Like fellow soul pioneer Solomon Burke, Irma Thomas is one of the most revered and humble musicians in the music business. She’s an iconic figure with a voice capable of transforming any simple melody into an impassioned moment, and whose interest in assorted sounds makes her a sought-after collaborator. While the adage may be true that soul singers age like fine wine, there is undoubtedly a need for the right choice of melodies. After all, there’s only so much that one voice can salvage. Simply Grand places Thomas’ rich, seasoned vocals alongside a handful of distinguished pianists and songwriters. Together, they dabble in jazz, R&B, and even a little bit of pseudo-African folk.
The most remarkable thing about this album is hearing how little Thomas has lost of her soulful touch. At 67, she still sounds like she’s belting it out at the Pimlico Club with Tommy Ridgley. On “Somebody Told You”, a track Thomas performed back in her Minit label years, John Medeski prepares the song an octave lower but the songstress opts for the higher original note, reaching it effortlessly. It makes for an unexpectedly exciting moment. But it’s only one of the many manifestations of her flexible voice.

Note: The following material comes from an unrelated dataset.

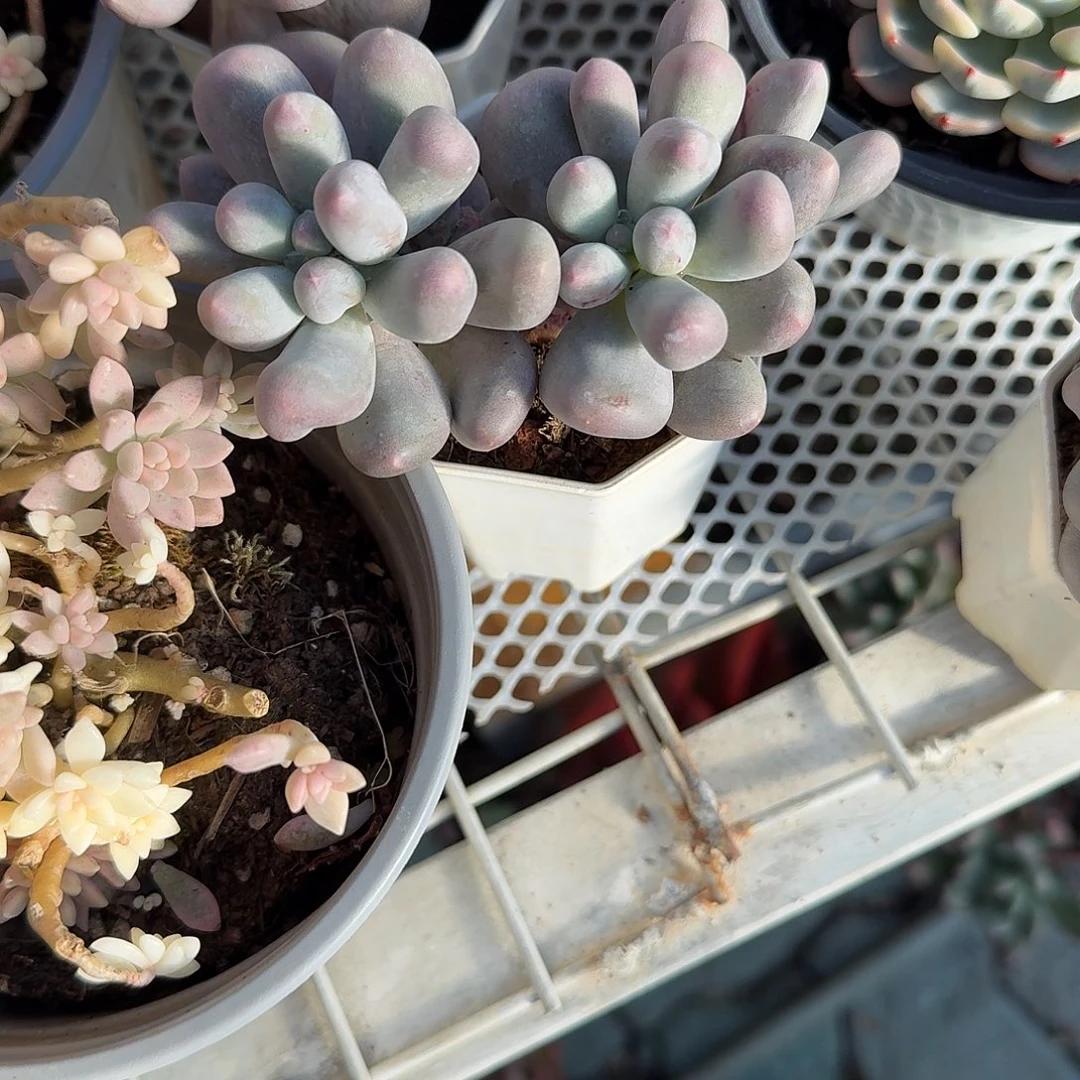 米克奶酪多肉植物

Longtime collaborator Dr. John contributes two tracks to Simply Grand. John and Thomas have a distinct chemistry dating back to Irma’s first song “You Can Have My Husband (But Please Don’t Mess With My Man)” which featured John on guitar. “Be You” was a song originally intended for Etta James but ultimately fell in Thomas’ lap. The song structure is simple and effective. Irma describes how she will beckon to any of her man’s calls even saying she’ll transform into granulated sugar.
Other contributions come from more unlikely sources. The opening track “River is Waiting” is taken from John Fogerty. With Henry Butler on piano and a trio of backup vocalists, the song builds into a rising chorus that draws a pulse and rhythm from Graceland-era Paul Simon. There are also selections that feature the likes of Norah Jones, Marcia Ball, and even Randy Newman.
“This Bitter Earth” is hopefully a preview of Irma Thomas’ next musical venture. Tender, jazzy and full of hi-hat shimmers and delicate piano handwork, the song is a shining example of her control and subtle manipulation. Thomas digs into the very core of the track’s message while Ellis Marsalis and the rest of the band provide some masterful improvisation. Nowhere else on this album does Thomas’ vocal maturation sound so good and textured — her deep pitch matching the smoky nightclub aesthetic constructed by the instrumentation.
However, not all of the compositions here strike gold. “Overrated”, a new-feel R&B track that features New Orleans pianist Davell Crawford sounds too slick to extract any real emotion. It isn’t the kind of love conundrum single that soulsters are used to hearing from Irma Thomas, at least not the younger Irma Thomas. There’s no sass and the lyrics feel weightless. Perhaps Rounder Records producer Scott Billington and Thomas herself were looking to connect with a younger generation of soul fans and songwriters with this number, but it seems like a misstep compared to the playful, semi-retro vibe that Simply Grand exudes.
While After the Rain proved to be exceedingly resonant following Hurricane Katrina (even though most of the album’s selections were made prior to when the storm struck), Simply Grand shows that Thomas has pondered over and digested the catastrophic changes that mark her hometown. On this album, water is more often associated with renewal and perseverance, and Thomas’ voice carries a strikingly optimistic tone. Songs like “River Is Waiting” and “Underground Stream” find Thomas at peace with what has otherwise been a destructive force in her life. Maybe she has learned to cope with the damage of the past couple of years, but what’s even more remarkable is how well she has managed to hold on to her voice through it all.